The earliest method for hydrogen peroxide production was proposed by L. J. Thenard in 1818, based on the reaction of barium peroxide with nitric acid; slightly modified, this method became an industrial procedure sixty years later and persisted until the middle of the twentieth century. Successive procedures were later developed (e.g., electrolytic methods or those employing oxidation of 2-propanol), but most of the industrial processes in use today produce H₂O₂ via the anthraquinone/anthrahydroquinone system.¹ This procedure, known as "the anthraquinone process", is chemically based on the reaction described in Figure 1, and provides a higher yield of hydrogen peroxide at lower costs than the previously mentioned procedures. However, the anthraquinone process has a number of known difficulties that have focused attention toward its optimization, and motivated the development of new synthetic approaches.¹ For example, the anthraquinone method produces organic byproducts generated from secondary transformations of anthraquinone; thus it requires additional separation procedures. Furthermore, anthrahydroquinone requires aromatic solvents, while anthraquinone requires polar solvents such as alcohols and esters. This situation leads to the use of frequently expensive and complex mixtures of solvents, and the recovery operations can also be complicated. The hydrogenation step of the anthraquinone process furthermore uses Pd catalysts (Figure 1), which are expensive and can be deactivated by interaction with organic byproducts formed in the reaction.¹ Organic byproducts of H₂O₂ synthesis can also have a detrimental effect on the stability of hydrogen peroxide solutions. Raney nickel catalysts, which are sometimes used in place of palladium catalysts, require more stringent safety procedures for handling because of their extremely pyrophoric behavior.¹

Sargeson et al.⁹ proposed the synthesis of hydrogen peroxide from oxygen dissolved in water, using as a homogeneous catalyst a cobalt-containing coordination compound known as an "encapsulated complex" or "cage compound". The water-soluble cobalt cage compound (1,8-dinitro-3,6,10,13,16,19-hexaazabicyclo-[6.6.6]eicosan)cobalt(III) chloride, abbreviated as diNOsarcobalt(III) chloride or [Co(diNOsar)]Cl₃, (Figure 2) has excellent catalytic properties for this reaction, and its synthesis has been widely published in the literature.^10,11 However, the use of this catalyst in homogeneous medium requires additional complex separation procedures for isolation before a possible distillation for concentrating the hydrogen peroxide solutions. The present work investigates the synthesis of the complex cation, known as diNOsarcobalt(III) ([Co(diNOsar)]³⁺), inside a water-insoluble porous solid that allows separation from the reaction medium (Figure 2).

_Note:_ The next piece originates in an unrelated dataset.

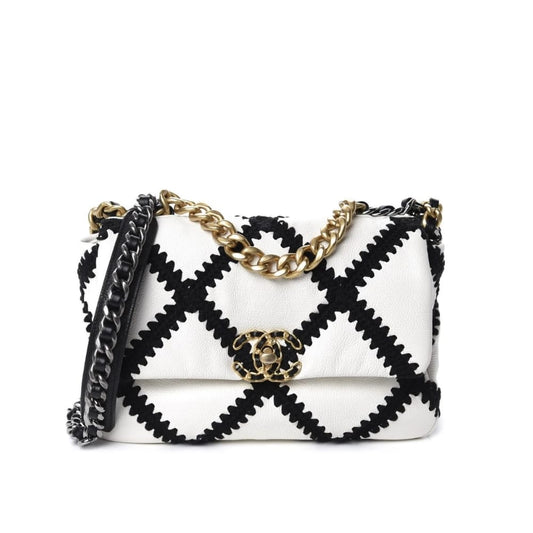 19 Medium Smooth Leather Flap Bag White Black 24cm AS1160 B04824 C0200 22 New Collection Bag Flap Bag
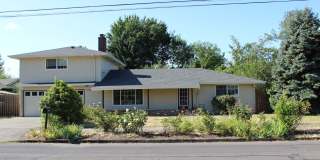 Spacious 4 Bed 2 bath Home! Spacious 4 Bed 2 bath Home! Gallery 1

Zeolites are insoluble solids that can exhibit the required characteristics and appropriate pore size to contain the [Co(diNOsar)]³⁺ cation, without releasing the cation after synthesis. These solids are aluminosilicates (tectosilicates), whose structure comprises tridimensional frameworks of SiO₄ and AlO₄ groups linked through shared oxygen atoms. This structure has channels and cages of molecular dimensions that form a microporous network.¹² Zeolite Y exhibits a microporous structure with "supercages" that are large enough to accommodate spheres with 13 Å diameter; the supercages are connected by small cages of 8 Å diameter.^12,13 The present work is aimed at the synthesis of the complex cation [Co(diNOsar)]³⁺ "in situ" (inside the zeolite cages) to make a "ship in a bottle"-type immobilized system (Figure 2).¹⁴ This study advances the development of heterogeneous catalysts for hydrogen peroxide production. The sizes of the molecules involved in the synthesis are known to be 8 Å for diNOsarcobalt(III) chloride and 4.8 Å for the precursor, tris(ethylenediamine)cobalt(III) chloride.¹⁵

EXPERIMENT

Synthesis of free diNOsarcobalt(III) chloride

The precursor tris(ethylenediamine)cobalt(III) chloride, [Co(en)₃]Cl₃, was first prepared. The synthesis of this compound is widely recognized in inorganic chemistry.^16,17 A 30 g sample of CoCl₂.6H₂O (Merck, analytical grade) was dissolved in 87.5 mL of distilled water (solution A). Meanwhile, a solution B was prepared by adding 22.5 mL of concentrated HCl, under continuous stirring and cooling in an ice bath, to a mixture of 22.5 mL ethylenediamine (Merck) in 62.5 mL distilled water. The solution A was slowly added to the solution B and then mixed with 25.0 mL of 30% hydrogen peroxide (Panreac). After 10 minutes under continuous stirring, the final mixture was heated to gentle boiling. After the volume had reduced to 150 mL, an equal volume of concentrated hydrochloric acid was added, followed by addition of 300 mL ethanol. The mixture was cooled in an ice bath, and the solid was vacuum-filtered. The resulting solid, tris(ethylenediamine)cobalt(III) chloride, was washed with two portions of ethanol and two portions of diethyl ether.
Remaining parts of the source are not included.